メッセージを受信したら、あらたなメッセージを生成し、鍵盤状態の配列をメッセージに格納してsendMessage()でControllerへ返信する。
tresult PLUGIN_API Processor::notify(Vst::IMessage* message)
{
auto msgID = message->getMessageID();
// Editorのタイマーイベントから(Controller経由で)通知されたときの処理
// process()とは別スレッドで実行される
if (strcmp(msgID, "timer") == 0)
{
// データに変更があるときのみ実行
if (changed.load())
{
// 変更フラグを元に戻す
changed.store(false);
// 送信用のメッセージを作成
auto res = allocateMessage();
// IDは自由なので、今回は"notestat"とした
res->setMessageID("notestat");
const uint32 size = 128;
char8 data[size];
// 送信用バッファに配列をコピー
for (uint32 i = 0; i < size; i++)
data[i] = notestat[i].load();
// メッセージにデータをセット
res->getAttributes()->setBinary("data", data, size);
// ProcessorのsendMessageはControllerに通知される
sendMessage(res);
// メッセージのメモリを解放
res->release();
}
return kResultTrue;
}
// "timer"メッセージ以外の処理は親クラスに任せる
return AudioEffect::notify(message);
}
Controllerクラス
initialize()の中でノート番号表示パラメータクラスを追加する
// NoteNumberParameter型のパラメータを追加
noteNumberParam_ = new NoteNumberParameter(STR("NoteNumber"), kNoteNumberId);
parameters.addParameter(noteNumberParam_);
}
createView()の中で、デフォルトのエディタクラスではなくMyEditorクラスを生成する。
// MyEditor型のビューを生成
auto* view = new MyEditor(this, "view", "nteditor.uidesc");
return view;
Processorからのメッセージを受信するnotify()。

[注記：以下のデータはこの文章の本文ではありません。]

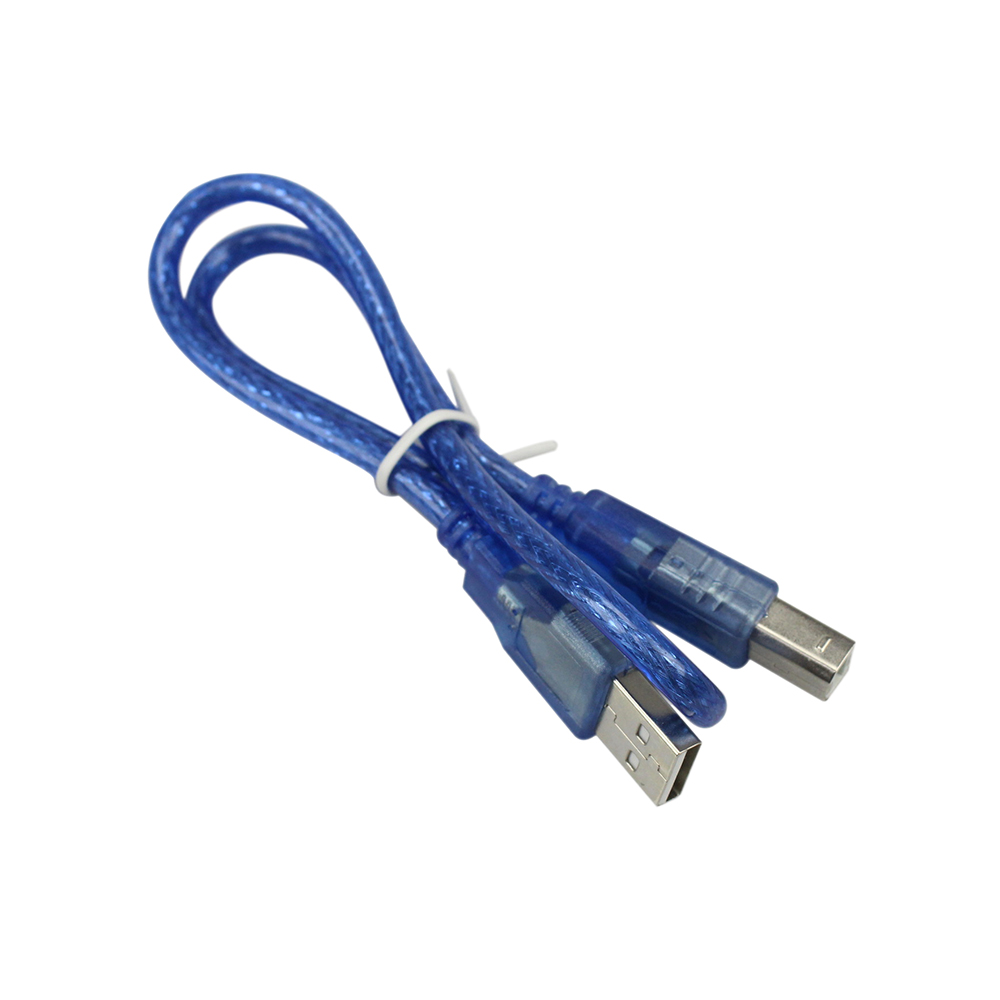 5pcs 30CM Blue USB 2.0 Type A Male to Type B Male Power Data Transmission Cable For Arduino UNO R3 MEGA 2560 10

受信データを加工してノート番号表示パラメータクラスにセットする。
tresult PLUGIN_API Controller::notify(Vst::IMessage* message)
{
auto msgID = message->getMessageID();
// Processorから通知されたときに実行される処理
if (strcmp(msgID, "notestat") == 0)
{
uint32 size;
const void* p;
// データのポインタとサイズを取得
// 今回の例の場合、サイズは128が取得できるはず
message->getAttributes()->getBinary("data", p, size);
// void*型だと扱いにくいのでキャスト
char8* data = (char8*)p;
int noteNumber = -1;
// 配列を上から(高音側)からスキャンして、NoteOnステータスの
// ノートナンバーが見つかったらブレイク
for (int i = size - 1; i >= 0; i--) {
if (data[i] > 0) {
noteNumber = i;
break;
}
}
// パラメータ状態を変更して画面に表示
noteNumberParam_->setNoteNumber(noteNumber);
return kResultTrue;
}
// "notestat"メッセージ以外の処理は親クラスに任せる
return Vst::EditControllerEx1::notify(message);
}
NoteNumberParameterクラス
ノート番号セット関数。メンバ変数noteNumber_に値をセットする。valueNormalizedを変更することで表示が更新される。
void NoteNumberParameter::setNoteNumber(int noteNumber)
{
// データ保持用メンバ変数を更新
noteNumber_ = noteNumber;
// valueNormalizedに変更がないと表示が更新されないので適当に値を変える
setNormalized(1.0 - valueNormalized);
}
表示更新時に呼ばれる表示文字列生成関数。本来表示するnormValueを無視して、代わりにメンバ変数noteNumber_の値を表示するよう文字列を生成する。
void NoteNumberParameter::toString(ParamValue normValue, String128 string) const
{
// データ表示時に呼ばれる処理
// 表示するノートナンバーがない場合、戻り値用変数stringに"-"をセット
if (noteNumber_ < 0) {
// String128型は、長さ128のchar16型文字列を意味する
// そのためchar16用の関数で文字列をコピーする
strcpy16(string, STR("-"));
return;
}
char text[32];
// int型のメンバ変数noteNumber_の値をchar文字列に変換
itoa(noteNumber_, text, 10);
// char文字列をchar16文字列に変換するにはUStringクラスを使うと手っ取り早い
// 戻り値用変数stringにノートナンバー文字列をセット
Steinberg::UString(string, 128).fromAscii(text);
}
参考
Editorクラスのタイマー処理はうつぼかずらさんのページを参考にしました。
「notify返し」方式はengineerさんのこの記事で知りました。ただ、この記事にあるlock-freeは今回の実装例ではきちんと考慮できていないかも。
おわりに
とにかく情報が少ない中、試行錯誤して実現した実装なので、もっと良い方法があれば教えてください。